Grid-Based Games Are Super Fun
After you select your starting gear, into the monolith you go. Being a grid-based dungeon crawler, there are plenty of logic puzzles laying about that block your progress. You can expect to pull a lot of levers, push a lot of boxes, and press a lot of buttons. Along the way, you will find letters, logs, and audio recordings, all of which help deliver the story in a fairly natural way.
Players make their way through the bowels of the citadel one square at a time – using the left stick to move forward, backwards and strafe, and the right stick to turn left and right. Anyone that has played modern video games ought to find the method of movement immediately familiar. Vaporum kindly creates a map for players as they play (though there is an option to turn it off for the hardcore pencil and paper crowd).

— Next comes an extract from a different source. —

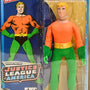 2015 World's Greatest Heroes JLA Aquaman Mego 8" Retro Action Figure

Exploration and discovery is emphasized, and though combat is a significant part of the game there are fair stretches of the game where players simply focus on puzzle-solving with little concern about battle. Be warned though, that sometimes solving a puzzle results in a suddenly-opened door with hostile robots behind it.
Combat is dynamic and fun. Getting the timing down of when to strike and when to retreat is difficult, but finding the rhythm of the game is half of the fun. The game also employs a cool pause-and-play mechanic that can allow the player to freeze time to decide what their next move should be. This allows even the most timid players (that’s me) to eventually overcome difficult battles by removing twitch elements and making them more strategic affairs.
Plenty Of Customization
After picking your initial rig, there are plenty more opportunities to customize your experience. A simple skill tree is implemented, and the player is able to add up to five “circuits” (skill points) to various aspects of their rigs. Players generally earn one circuit per level gained, but can also pick up occasional extra circuits by finding them in lockers and chests.

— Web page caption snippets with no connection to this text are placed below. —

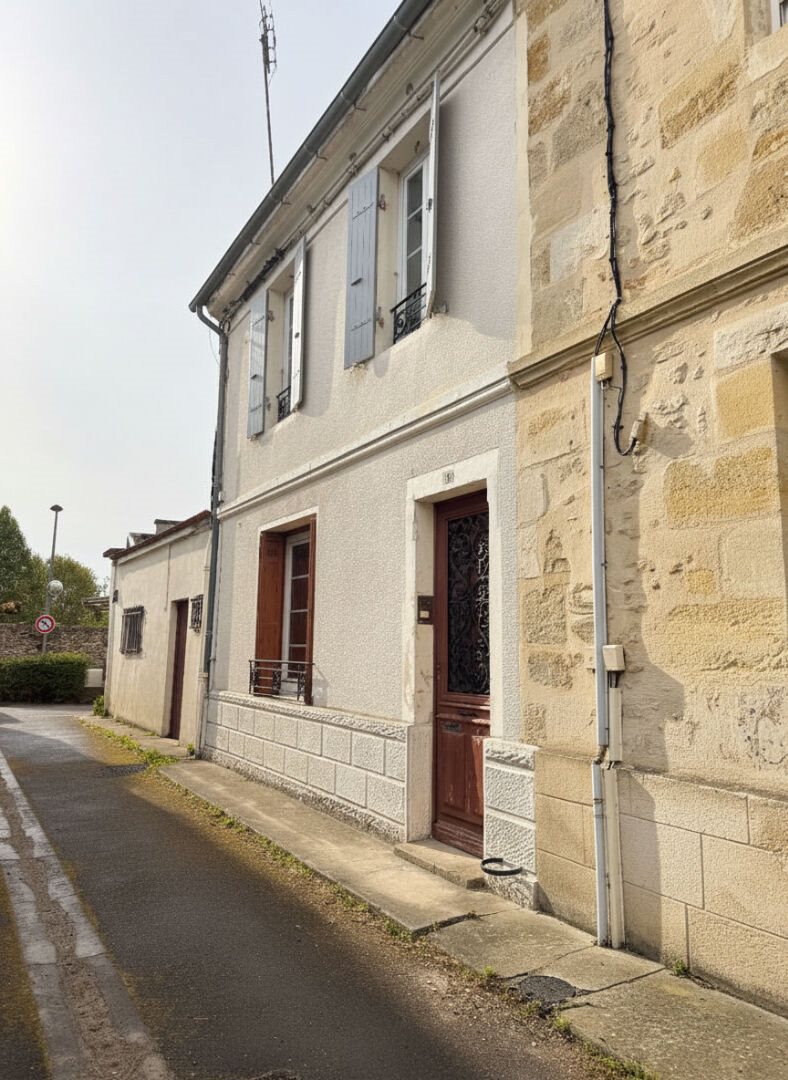 Maison à vendre, 96m², Beautiran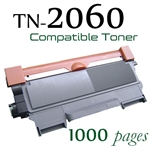 Compatible Brother TN2060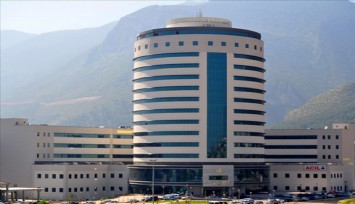 Denizli'de akıl almaz olay: Arkadaşının yeni doğan bebeğini kaçırmaya çalıştı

Each circuit deposited delivers a highly noticeable boost to gameplay. For example, if you enjoy melee combat, planting a couple of circuits into melee weaponry at the outset of the game will boost the damage you do with crowbars and sledge hammers tremendously. As such, some of the higher tiered circuits are level-locked, preventing you from becoming a powerhouse too quickly.
The top of the circuit tree is filled with stuff like melee weapons, pistols, and other weapon types. But further down, the player can really influence the stats that are “under the hood” of the game. As such, I would strongly encourage players to plan a build ahead of time and plant circuits in pursuit of that build specifically. This is not the sort of game you want to go dropping skill points into willy-nilly. You need a strong, focused build if you want to reach the end of the game without a lot of struggle.
Vaporum’s Control Scheme – Why So Complicated?
I often wonder about the decisions that get made when converting a game from PC to console. Condensing a complex keyboard and mouse control scheme down onto a gamepad must be a deep technical challenge. Some games come out of the process feeling as though they were designed for console all along. Others struggle to find a control system that feels natural. Vaporum falls into the latter category.
In the case of Vaporum, it is my theory that the entire crazed control scheme sprung from the dev team’s need to preserve their secret passages when porting the game over from PC. What do I mean by that?
Well, it goes like this: In the PC version of Vaporum, Fatbot hid the very best weapons and gear behind secret doors. The only way to detect these doors in the PC version of Vaporum is to roll your mouse over secret buttons hidden on walls throughout the environment. Being a PC game, you would be controlling your movement with WASD, and using your mouse to interact with the environment.
Now, when converting the game over from PC to console, Fatbot wants to preserve the fun and delight of discovering all these cool goodies, right? But being a console game, players are controlling movement with twin sticks, and typically no cursor is on the screen. No one will ever find the secret buttons unless they have a cursor. What to do?
Well, if you are porting Vaporum, you force the player to hold down the right trigger on the controller to make a cursor appear, then have the player ever so slowly roll that cursor around whatever is on the screen in hopes of coming across the hidden button. What could be done with a mouse in about 1.5 seconds is now expended to a clunky process that takes about 45 seconds.
Vaporum is a grid-based dungeon crawler, so each of the 12 or so maps has literally hundreds of blank walls that players cruise past in their quest to solve puzzles and fight enemies. It is my belief that Fatbot seriously expects players to comb each of these walls for secret buttons.
Obviously, this simply is not going to happen in most cases. Players will either completely ignore the presence of the secret buttons in the game, or they will immediately jump online and seek out maps and walkthroughs. Because the solution that the PS4 version of Vaporum presents them is no solution at all. It may have been better just having secret buttons highlight as players go by them, or giving the player some other visual cue to alert them to the presence of secrets.
The result of this decision cascades down onto the rest of the control system. Suddenly, you are pressing obscure button combinations for the simplest actions. Want to pull an item off of a stack in your inventory and throw it across a chasm to push down a pressure plate? I hope you’ve done finger yoga, because you are in for some wild contortions. Even towards the end of the game, I had to pause occasionally to look up how to perform certain actions.
Vaporum Is Worth Wrestling With The Controls
But even with this wild control scheme, Vaporum is a winner. You just don’t see this type of game that often anymore, especially on console. Not with this level of polish and shine. Wandering the halls and soaking in the atmosphere of Vaporum took me back to my days playing similar games on early PCs, and that is no small praise.
Taking a trip into the monolith at the center of Vaporum is a treat in many ways, and hey, no one ever promised that controlling a rig would be easy.